What I’ve learned from shirking responsbility and principles I’m setting for myself
We hate to admit it but some time in our lives, we would push our responsbilities to someone else because that’s the easier way out.
I am one who absolutely hate people who shirk their responsbility. Ironically, I was guilty of it at work last week.
I am working as a writer and editor at a small online publication and it’s my first permanent job. I’m not exactly the best writer around — I’ve probably been lucky the editor position was opened when I applied for the job.
So I was writing a piece on something about personal finance, which involved some researching on several government websites and blogs for the facts. All I had to do was to present it in a way that was a lot simpler for our readers to understand.
The hardest part wasn’t putting together the piece but the fact checking — it involved time-consuming, tedious research work. My job was to present the facts in a simple manner but fact checking is a lot more boring as compared to actually writing the piece.
So I decided to take the easy way out. I pushed that responsibility to another colleague, who was merely a translator. Because that colleague was more senior and kind enough to point out a previous mistake, I took it for granted.
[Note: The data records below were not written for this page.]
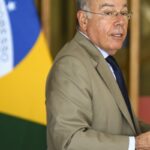 mauro-vieira-debate-fundo-de-florestas-tropicais-em-luxemburgo
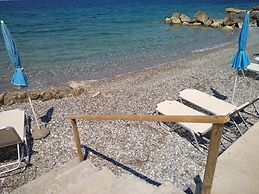 Villa Constantina Apartments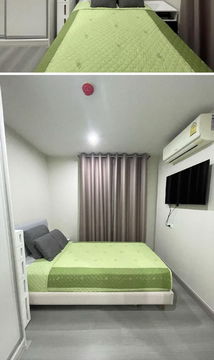 🎃RB21968 ให้เช่าถูกมาก🎈สัมมากร เอสเก้า คอนโดมิเนียม✅แอดไลน์ @930jwqti ( มี @ ด้วย) แอดมินตอบไว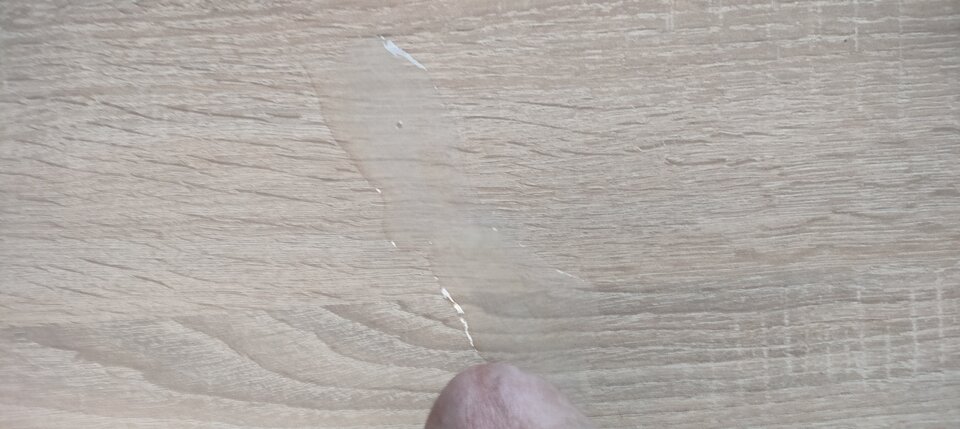 16969144340141392740721085387043.jpg - szatan24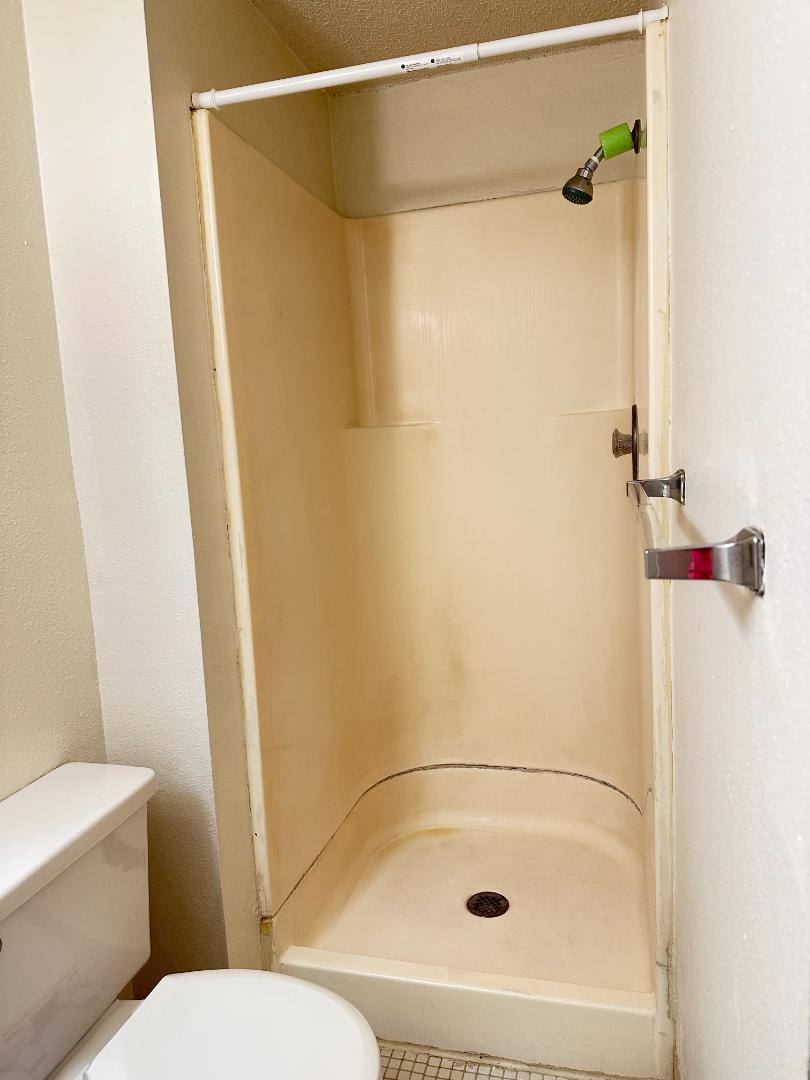 Apartment for rent at 127 1 2 Welch Ave #403, Ames, IA 50014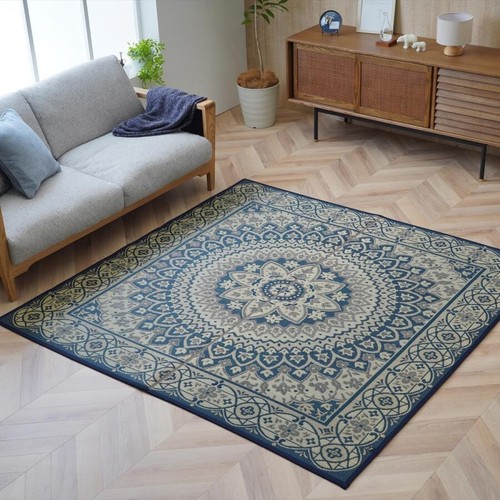 Ikehiko tatami mat japanese - mat,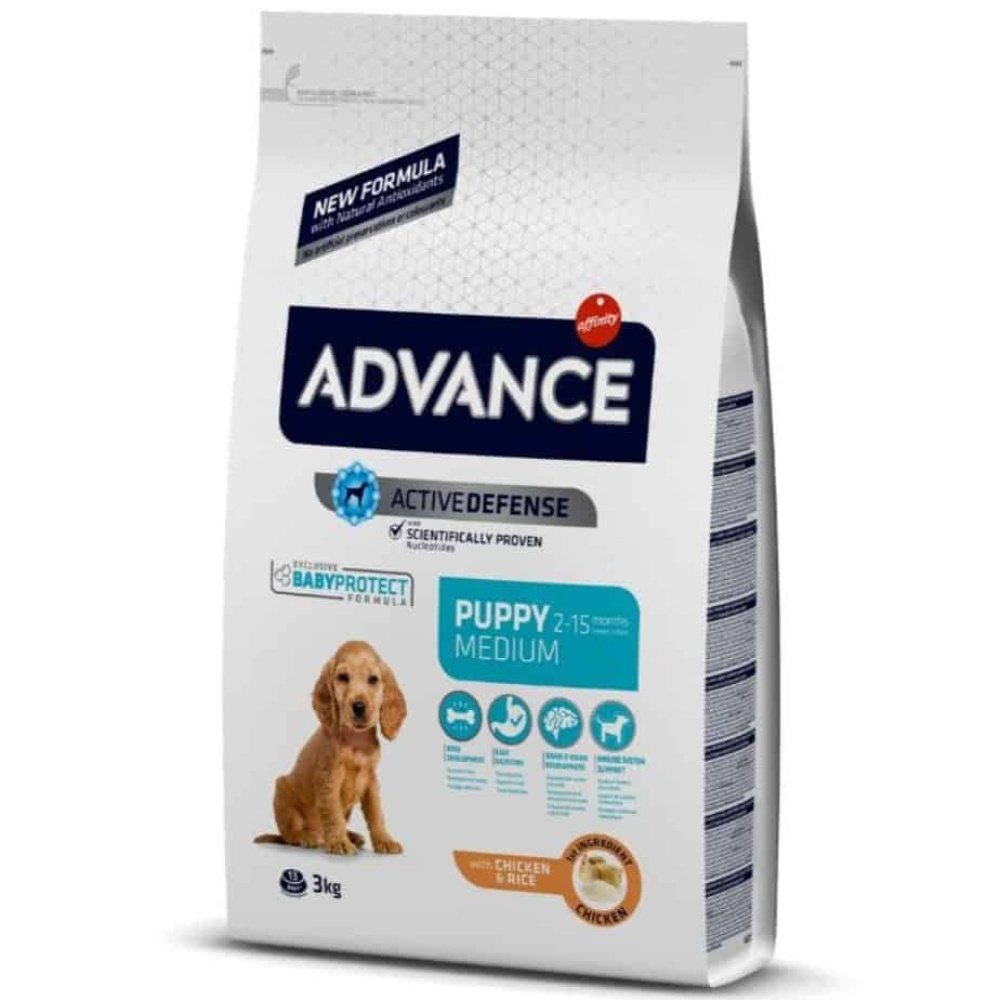 advance-puppy-protect-medium-235970-1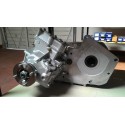 Caixa Transferência LT230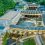 Crystal Bridges names 3 to executive leadership jobs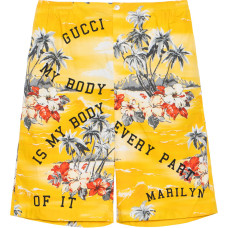 GUCCI SS22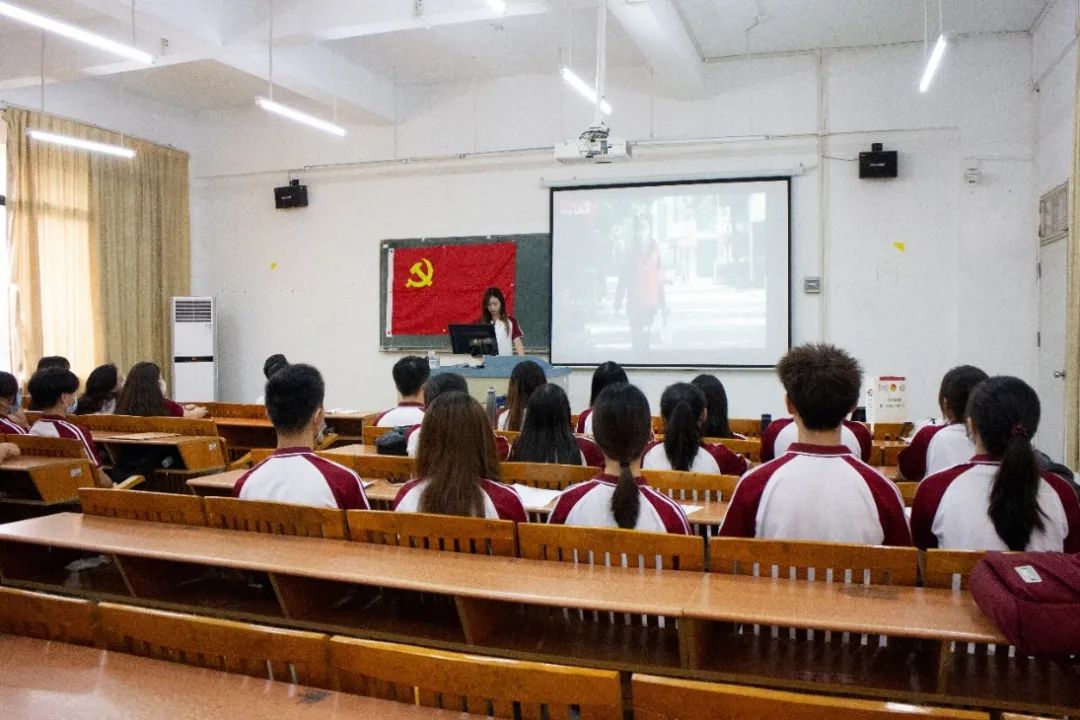 说明: 图片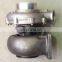 HX50 Turbo 3591781 3597659 turbocharger for Scania Truck with DC11, DSC11-01, DSC Engine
A more outspoken colleague, who is also another senior, approached me and told me off. He said that it is my responsibility to our readers to make sure the facts are right, not a translator’s job.
Without realising my mistake, I went on to defend myself and said I wanted to learn from the experience of my seniors. I made a huge mistake.
Fact checking was not something I could learn from someone else’s experience. Fact checking was my responsibility and it merely required more effort on my own end. I was trying to find an easy way out for myself and I cooked up a bad and disgusting excuse.
I felt ashamed to face the colleague who I had “requested” help from and the colleague who told me off. I was ashamed to even face myself.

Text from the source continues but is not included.